[Saved entries]
+-------+

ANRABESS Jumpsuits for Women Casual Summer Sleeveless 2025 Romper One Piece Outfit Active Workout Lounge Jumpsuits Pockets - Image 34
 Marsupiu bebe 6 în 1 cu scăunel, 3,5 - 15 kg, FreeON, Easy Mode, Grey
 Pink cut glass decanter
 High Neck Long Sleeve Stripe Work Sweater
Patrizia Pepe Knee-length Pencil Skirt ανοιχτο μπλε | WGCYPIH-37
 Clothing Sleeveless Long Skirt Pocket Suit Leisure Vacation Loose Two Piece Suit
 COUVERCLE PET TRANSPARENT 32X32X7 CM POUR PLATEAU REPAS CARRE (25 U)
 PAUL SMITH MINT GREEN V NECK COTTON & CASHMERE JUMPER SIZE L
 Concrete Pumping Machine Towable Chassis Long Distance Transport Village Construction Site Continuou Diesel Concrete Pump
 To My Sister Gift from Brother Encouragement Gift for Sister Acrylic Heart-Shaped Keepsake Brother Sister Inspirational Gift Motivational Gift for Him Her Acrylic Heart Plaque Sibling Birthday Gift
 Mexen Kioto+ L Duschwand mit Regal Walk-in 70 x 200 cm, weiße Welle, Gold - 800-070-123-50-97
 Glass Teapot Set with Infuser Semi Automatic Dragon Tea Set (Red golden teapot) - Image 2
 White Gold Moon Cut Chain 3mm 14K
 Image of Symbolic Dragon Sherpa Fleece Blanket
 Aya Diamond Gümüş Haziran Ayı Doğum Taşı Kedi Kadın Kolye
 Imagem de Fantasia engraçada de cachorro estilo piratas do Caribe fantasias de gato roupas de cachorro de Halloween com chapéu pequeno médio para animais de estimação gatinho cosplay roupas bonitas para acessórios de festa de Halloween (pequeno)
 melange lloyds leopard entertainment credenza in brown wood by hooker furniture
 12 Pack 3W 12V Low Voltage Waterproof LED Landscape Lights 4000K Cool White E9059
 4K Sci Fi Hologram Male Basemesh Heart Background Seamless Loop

+-------+

◆ YOUR OBJECTIVE: Exact transcription of the records is all that is wanted.

◆ YOUR SOLUTION:
ANRABESS Jumpsuits for Women Casual Summer Sleeveless 2025 Romper One Piece Outfit Active Workout Lounge Jumpsuits Pockets - Image 34
 Marsupiu bebe 6 în 1 cu scăunel, 3,5 - 15 kg, FreeON, Easy Mode, Grey
 Pink cut glass decanter
 High Neck Long Sleeve Stripe Work Sweater
Patrizia Pepe Knee-length Pencil Skirt ανοιχτο μπλε | WGCYPIH-37
 Clothing Sleeveless Long Skirt Pocket Suit Leisure Vacation Loose Two Piece Suit
 COUVERCLE PET TRANSPARENT 32X32X7 CM POUR PLATEAU REPAS CARRE (25 U)
 PAUL SMITH MINT GREEN V NECK COTTON & CASHMERE JUMPER SIZE L
 Concrete Pumping Machine Towable Chassis Long Distance Transport Village Construction Site Continuou Diesel Concrete Pump
 To My Sister Gift from Brother Encouragement Gift for Sister Acrylic Heart-Shaped Keepsake Brother Sister Inspirational Gift Motivational Gift for Him Her Acrylic Heart Plaque Sibling Birthday Gift
 Mexen Kioto+ L Duschwand mit Regal Walk-in 70 x 200 cm, weiße Welle, Gold - 800-070-123-50-97
 Glass Teapot Set with Infuser Semi Automatic Dragon Tea Set (Red golden teapot) - Image 2
 White Gold Moon Cut Chain 3mm 14K
 Image of Symbolic Dragon Sherpa Fleece Blanket
 Aya Diamond Gümüş Haziran Ayı Doğum Taşı Kedi Kadın Kolye
 Imagem de Fantasia engraçada de cachorro estilo piratas do Caribe fantasias de gato roupas de cachorro de Halloween com chapéu pequeno médio para animais de estimação gatinho cosplay roupas bonitas para acessórios de festa de Halloween (pequeno)
 melange lloyds leopard entertainment credenza in brown wood by hooker furniture
 12 Pack 3W 12V Low Voltage Waterproof LED Landscape Lights 4000K Cool White E9059
 4K Sci Fi Hologram Male Basemesh Heart Background Seamless Loop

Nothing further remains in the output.